No Schitts, Sherlock: the 72nd Annual Primetime Emmy Awards was a much bigger hit in Canada than in the US.

Overnight estimates Sunday show CTV drew 1,584,000 for the three-hour “PandEmmy” broadcast, making it by far the top draw of the night in Canada. On CTV alone, The Emmys drew three times the audience Sunday than the two afternoon NFL games; CTV drew 530,000 for the 1 p.m. ET game and 537,000 for the 4 p.m. ET late afternoon tilt in those same overnight estimates.

In America, on ABC, The Emmys sank to its lowest audience tally ever, dropping under six million viewers for the first hour and sliding under five as the show went into hours two and three. The virtual trophy special trailed football on NBC in the States and even 60 Minutes in some demos. Last year’s Emmys averaged 6.9 million viewers stateside — and that was a record low.

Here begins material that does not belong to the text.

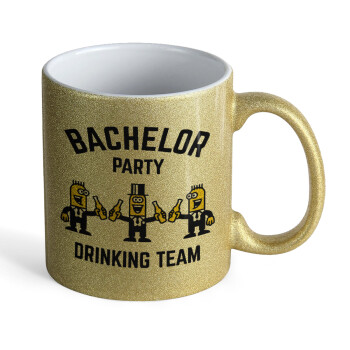 Bachelor Party Drinking Team, Κούπα Χρυσή Glitter που γυαλίζει, κεραμική, 330ml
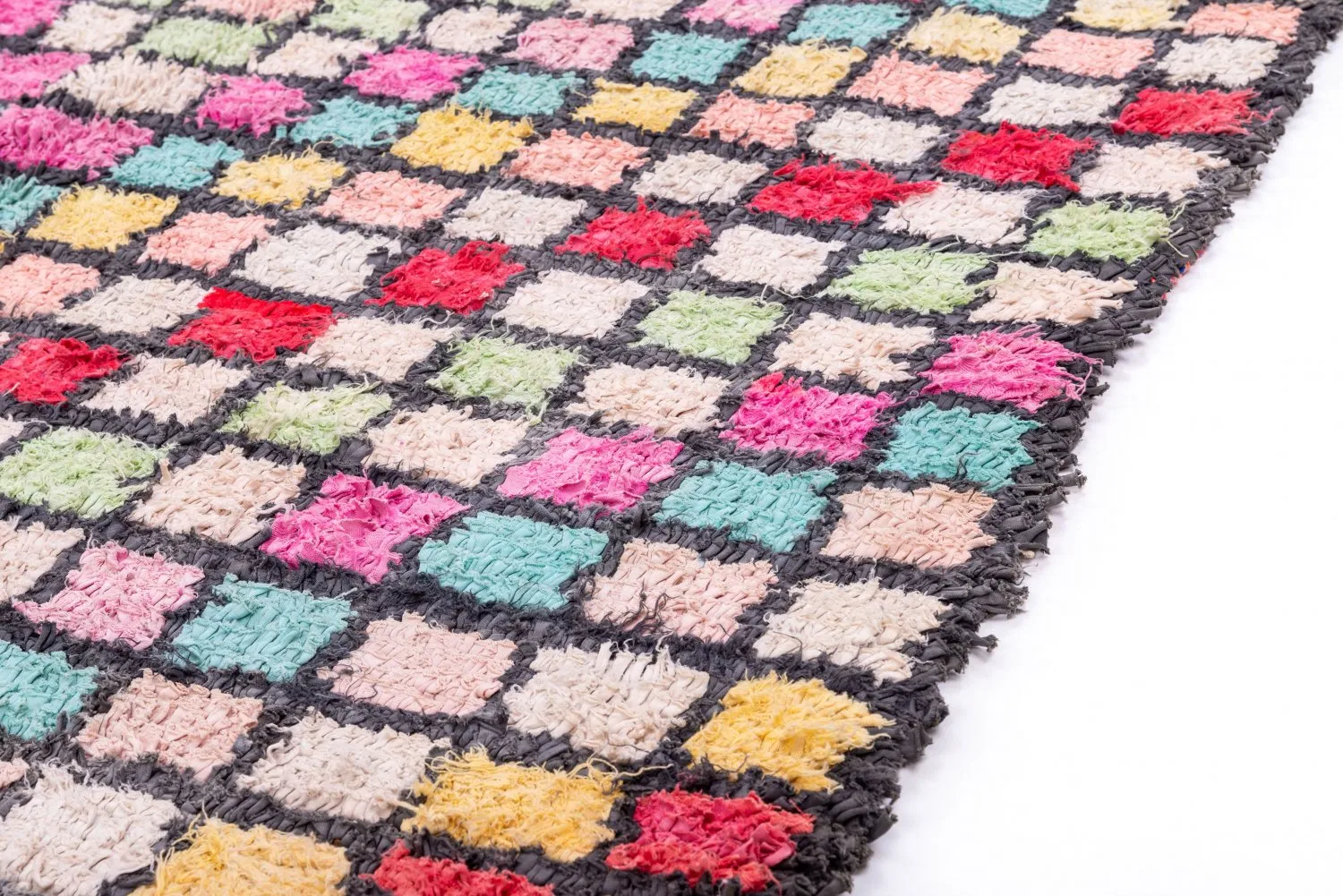 Marokkansk berber tæppe Boucherouite 275 x 125 cm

There are many reasons for the decline of the Emmy audience on US broadcasters. For one thing, why ABC or any of the traditional networks still carry this show puzzles me. It is basically a three hour+ infomercial for cable and streaming services. Even Schitt’s Creek was far off most of America’s radar as it airs there on Pop TV, a fast-rising cable alternative but still not exactly CBS (whose parent company recently bought Pop).

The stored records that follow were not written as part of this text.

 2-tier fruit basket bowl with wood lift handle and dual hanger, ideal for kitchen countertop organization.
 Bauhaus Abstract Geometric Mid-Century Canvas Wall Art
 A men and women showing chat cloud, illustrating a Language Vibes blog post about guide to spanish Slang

So many other awards were handed out to Succession and other HBO shows, as well as programs featured on Netflix and other streamers. When Sterling K. Brown came out at the end to joke that NBC’s This Is Us was robbed, his joke (which fell flat) was that no network series ever wins anymore at The Emmys.

On the other hand, Schitt’s Creek airs on a major network in Canada, CBC, so most of the audience has had at least a glimpse of it over six seasons. As a result, Canada drew close to three times the number of viewers, proportionally, as The Emmys did in the States.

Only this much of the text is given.